METHODS:INTRODUCTION:As cancer treatments continue to improve the overall survival rates, more patients with a history of cancer will present for anatomic total shoulder arthroplasty (TSA). Therefore, it is essential for orthopaedic surgeons to understand the differences in care required by this growing subpopulation. Although the current research suggests that good outcomes can be predicted when appropriately optimized patients with cancer undergo lower extremity total joint arthroplasty, similar studies for TSA are lacking. The primary study question was to examine whether a history of cancer was associated with an increased rate of venous thromboembolism (VTE) after TSA. Secondarily, we sought to examine any association between a history of prostate and breast cancer and surgical or medical complications after TSA. METHODS:Using a national insurance database, male patients with a history of prostate cancer and female patients with a history of breast cancer undergoing anatomic TSA for primary osteoarthritis were identified and compared with control subjects matched 3:1 based on age, sex, diabetes mellitus, and tobacco use.
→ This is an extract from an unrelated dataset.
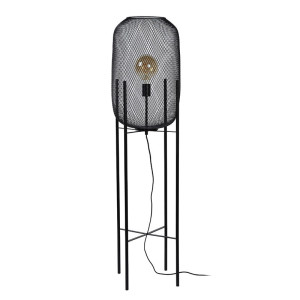 MESH czarna śr. 35cm. E27 Lampa podłogowa stojąca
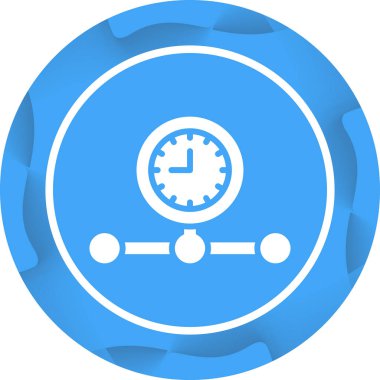 Zaman Çizgisi Web simgesi vektör çizimi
Patients with a history of VTE and patients who underwent reverse TSA or hemiarthroplasty were excluded. RESULTS:Female patients with a history of breast cancer and male patients with a history of prostate cancer undergoing TSA had significantly higher incidences of acute VTE (including deep venous thrombosis and pulmonary embolism) compared with matched control subjects (female patients: odds ratio, 1.41; 95% confidence interval, 1.10 to 1.81; P = 0.024 and male patients: odds ratio, 1.37; 95% confidence interval, 1.05 to 1.79; P = 0.023). No significant differences were noted in the incidences of any other complications assessed. CONCLUSION:Although a personal history of these malignancies does represent a statistically significant risk factor for acute VTE after anatomic TSA, the overall VTE rate remains modest and acceptable. The rates of other surgical and medical complications are not significantly increased in patients with a history of these cancers after TSA compared with control subjects.